Electronic Thesis and Dissertation Repository

Predicting Rare Events from Large Spatiotemporal Data: Application to Wildland Fires and Species Occupancy

Johanna L. de Haan-Ward, Western University

Abstract

Subsampling of large data is commonly employed in statistical modelling with the goal of efficiency. When the event being modelled is rare, the data is imbalanced and thus sampling methods focus on preferentially subsampling the observations which represent those rare event occurrences. This thesis extends methodology for the subsampling of large data when modelling rare events, motivated by applications in environmetrics and ecology.

The first two projects present extensions to response-based sampling. The response-based sampling approach takes independent samples of event occurrence and non-occurrence, often sampling all occurrences and a small proportion of the non-occurrences. I propose a stratified sampling approach, which defines strata based on a key variable. Independent samples of occurrences and non-occurrences are then sampled from each stratum. The bias induced by this sampling must be accounted for in the logistic regression model. The first project employs sampling weights in the logistic to account for the bias induced by this sampling design. The second project instead uses stratum-specific offsets to the same end, which now allows for the model to include multiple predictors. These approaches are validated using simulation, where they are compared to existing approaches for sampling imbalanced data. I apply these methods to fine-scale human-caused fire occurrence prediction in a region of Ontario, Canada where stratifying on a measure of fire weather and sampling more extreme observations leads to more locally precise estimates of fire occurrence.

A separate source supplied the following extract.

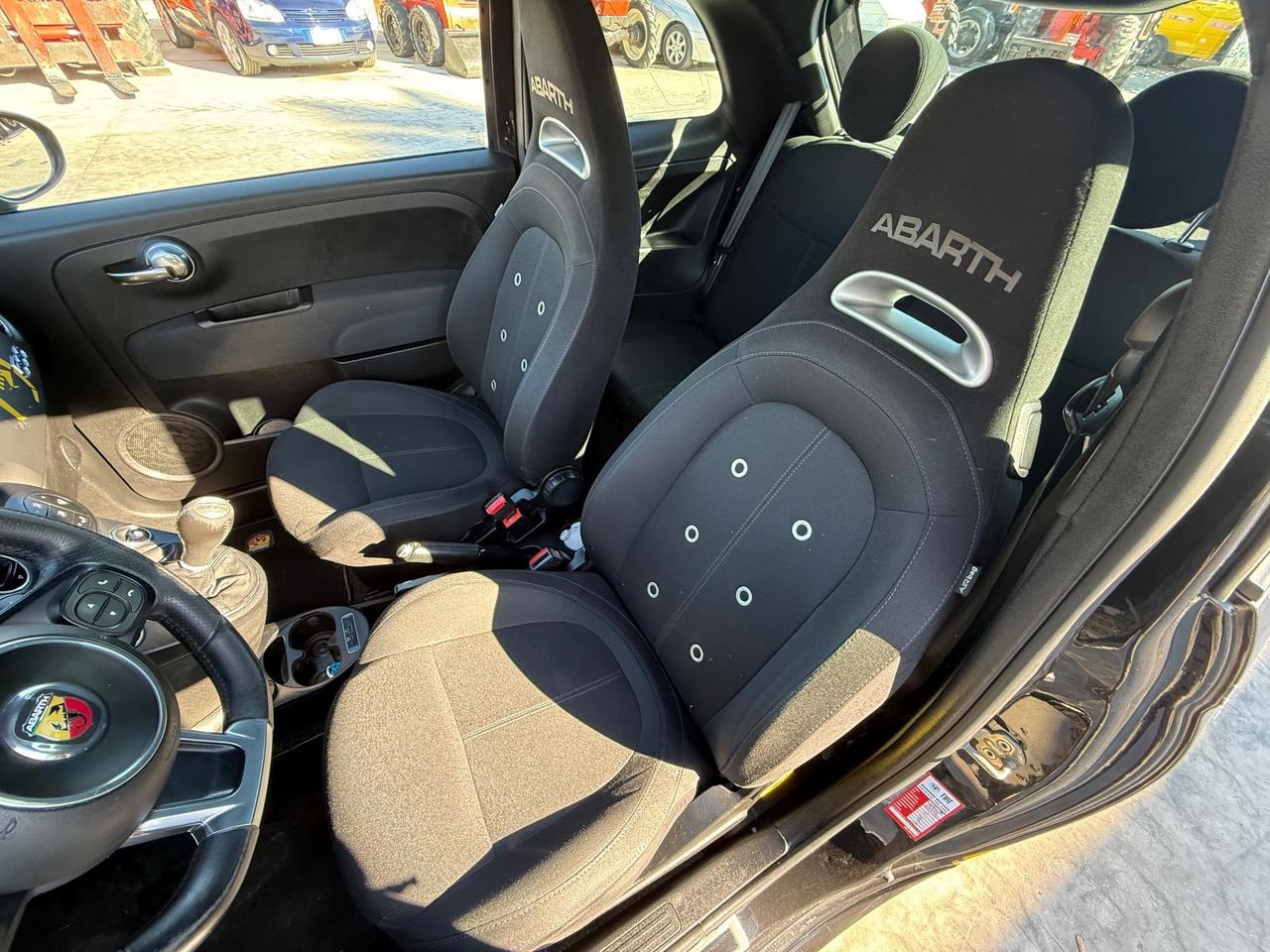 Trattore Abarth 595 1.4 Turbo T-Jet 160 CV Pista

The third project presents a novel method for subsampling species detection data to fit occupancy models. When a species is rarely detected, the number of detections will be far outnumbered by the non-detections. I propose a response-based sampling method for species detection data, which allows preferential sampling of the rarer detection observations. I present a method for estimating occupancy and detection probabilities of the subsampled data, as the assumptions of traditional occupancy models no longer hold. I apply this method to detection data of Canada Warbler (Cardellina canadensis) from the Breeding Bird Survey, where we can accurately estimate the occupancy and detection parameters using just 10% of the original dataset, including estimating the effects of a habitat-related covariate.